His "kingdom is not of this world". But what is His kingdom about? And what sort of a king is He?
The answer that The Lord Himself gives to Pilate is that it is about "truth".
This might seem like a rather odd and abstract foundation, especially for modern people living in a relativistic age where, like Pilate, it is felt that there is no such thing as "truth".
But why does Jesus die?
For a lie? For a fantasy? For an opinion?
No. For truth.
But, What "truth"? The truth that is Himself, He who said, “I am… the truth”(Jn 14:6). But let me note three subsidiary but foundational truths:

The most foundational truth? The truth that He loves us.
This is not a mere wish, or dream. He, and the Heavenly Father, have made this clear by His choosing to undergo the death of the Cross. The Cross stands as an eternal sign that He loves us.

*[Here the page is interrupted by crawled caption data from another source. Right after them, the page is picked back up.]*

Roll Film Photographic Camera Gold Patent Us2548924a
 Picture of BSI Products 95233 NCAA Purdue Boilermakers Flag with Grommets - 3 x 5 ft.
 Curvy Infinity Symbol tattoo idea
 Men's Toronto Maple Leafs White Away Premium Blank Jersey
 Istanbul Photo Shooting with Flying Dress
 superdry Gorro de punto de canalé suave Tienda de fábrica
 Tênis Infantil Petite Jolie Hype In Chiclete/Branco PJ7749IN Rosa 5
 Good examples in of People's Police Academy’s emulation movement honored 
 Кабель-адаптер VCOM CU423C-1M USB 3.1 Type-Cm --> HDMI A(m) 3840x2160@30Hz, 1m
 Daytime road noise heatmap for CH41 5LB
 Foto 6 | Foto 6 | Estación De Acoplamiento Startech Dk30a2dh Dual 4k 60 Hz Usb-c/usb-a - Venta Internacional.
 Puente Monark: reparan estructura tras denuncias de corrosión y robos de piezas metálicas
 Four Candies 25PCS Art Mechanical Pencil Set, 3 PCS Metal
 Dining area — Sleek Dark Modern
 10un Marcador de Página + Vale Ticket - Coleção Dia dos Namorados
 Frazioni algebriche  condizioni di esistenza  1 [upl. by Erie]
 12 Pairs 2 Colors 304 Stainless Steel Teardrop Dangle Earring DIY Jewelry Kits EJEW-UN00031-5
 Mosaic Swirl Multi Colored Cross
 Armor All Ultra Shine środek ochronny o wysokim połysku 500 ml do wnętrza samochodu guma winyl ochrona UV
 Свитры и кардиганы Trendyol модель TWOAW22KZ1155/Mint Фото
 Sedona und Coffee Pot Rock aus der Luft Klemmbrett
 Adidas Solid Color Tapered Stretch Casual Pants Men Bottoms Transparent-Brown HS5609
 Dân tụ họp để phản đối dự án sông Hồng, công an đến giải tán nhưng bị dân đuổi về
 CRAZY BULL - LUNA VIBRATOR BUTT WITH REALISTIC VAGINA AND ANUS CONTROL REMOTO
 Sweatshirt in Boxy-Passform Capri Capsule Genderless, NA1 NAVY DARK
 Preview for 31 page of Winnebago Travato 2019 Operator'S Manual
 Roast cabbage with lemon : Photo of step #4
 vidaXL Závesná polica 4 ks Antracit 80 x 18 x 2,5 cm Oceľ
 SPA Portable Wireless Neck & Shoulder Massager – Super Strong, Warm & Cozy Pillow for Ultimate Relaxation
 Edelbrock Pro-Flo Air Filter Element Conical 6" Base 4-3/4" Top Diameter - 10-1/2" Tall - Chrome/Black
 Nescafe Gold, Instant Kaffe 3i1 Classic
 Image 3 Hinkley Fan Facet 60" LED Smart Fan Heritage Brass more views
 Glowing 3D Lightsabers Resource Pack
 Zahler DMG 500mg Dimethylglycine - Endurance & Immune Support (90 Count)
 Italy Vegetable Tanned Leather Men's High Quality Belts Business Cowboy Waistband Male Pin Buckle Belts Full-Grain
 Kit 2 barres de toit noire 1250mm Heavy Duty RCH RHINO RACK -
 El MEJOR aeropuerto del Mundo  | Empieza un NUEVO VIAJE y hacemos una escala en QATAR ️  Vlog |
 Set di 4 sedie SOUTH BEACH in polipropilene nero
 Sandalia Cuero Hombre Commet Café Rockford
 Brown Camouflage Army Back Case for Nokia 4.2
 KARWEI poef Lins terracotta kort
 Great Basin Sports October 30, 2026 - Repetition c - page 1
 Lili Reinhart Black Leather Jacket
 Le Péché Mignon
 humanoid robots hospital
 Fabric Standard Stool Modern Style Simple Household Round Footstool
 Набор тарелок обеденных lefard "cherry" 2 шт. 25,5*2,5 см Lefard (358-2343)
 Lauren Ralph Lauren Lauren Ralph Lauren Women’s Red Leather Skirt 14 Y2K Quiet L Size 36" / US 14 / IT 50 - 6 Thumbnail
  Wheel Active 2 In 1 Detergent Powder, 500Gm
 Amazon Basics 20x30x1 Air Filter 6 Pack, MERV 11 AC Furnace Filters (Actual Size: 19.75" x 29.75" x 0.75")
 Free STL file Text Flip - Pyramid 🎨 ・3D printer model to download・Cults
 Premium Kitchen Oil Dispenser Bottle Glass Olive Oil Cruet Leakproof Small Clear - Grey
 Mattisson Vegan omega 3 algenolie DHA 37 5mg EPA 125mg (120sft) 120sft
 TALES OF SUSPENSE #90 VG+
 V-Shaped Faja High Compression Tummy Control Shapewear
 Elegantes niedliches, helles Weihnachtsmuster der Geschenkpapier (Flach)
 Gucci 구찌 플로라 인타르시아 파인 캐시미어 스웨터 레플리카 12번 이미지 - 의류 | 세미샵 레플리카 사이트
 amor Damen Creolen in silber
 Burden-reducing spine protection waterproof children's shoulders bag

Another truth: The truth that we are sinners in need of a saviour.
This is not a fashionable truth. But the Cross is not about fads or fashions. It is about something that lasts through every age -even if men in some ages pay less attention to it than men in other ages.

A third truth: The truth that He is merciful.
Mercy is not the same as love, it is a particular manifestation of it, as Blessed Pope John Paul II said: mercy is love in action.
Mercy sees sin and sees the sinner. Sees the horror of the reality for all that it is.
And yet, mercy makes a choice: the choice to forgive. Not a pretence that the sin wasn't really there, not a pretence that it didn't really matter. No. Mercy see it. Knows it matters. But chooses to keep loving us anyway. Chooses to forgive us.

Which brings me back to His kingdom and kingship not being of this world.
Kingship, I think it's true to say, is frequently seen as being a thing about power.
And how is the power of Christ's kingship exercised?
We might note the sort of 'inner' power of character that enables Him to forgive so thoroughly. It takes strength to forgive.
We might note an 'outer' power too, the power that works the coming Resurrection. The power that is not defeated in death.
And, unlike worldly kings, it is a power that is eternal. Worldly kings and their kingdoms rise and fall. Whereas: the kingship of Christ was before the Creation of His world, will last until He judges the remnants of His world at "the end of the age", and will remain forever in "the new heaven and the new earth".

"You are a king then?"
Yes. But not like other kings.
A king of truth, of love, of redemption, of mercy.
A king truly worthy of having us come and serve Him, of having us come and kiss His feet.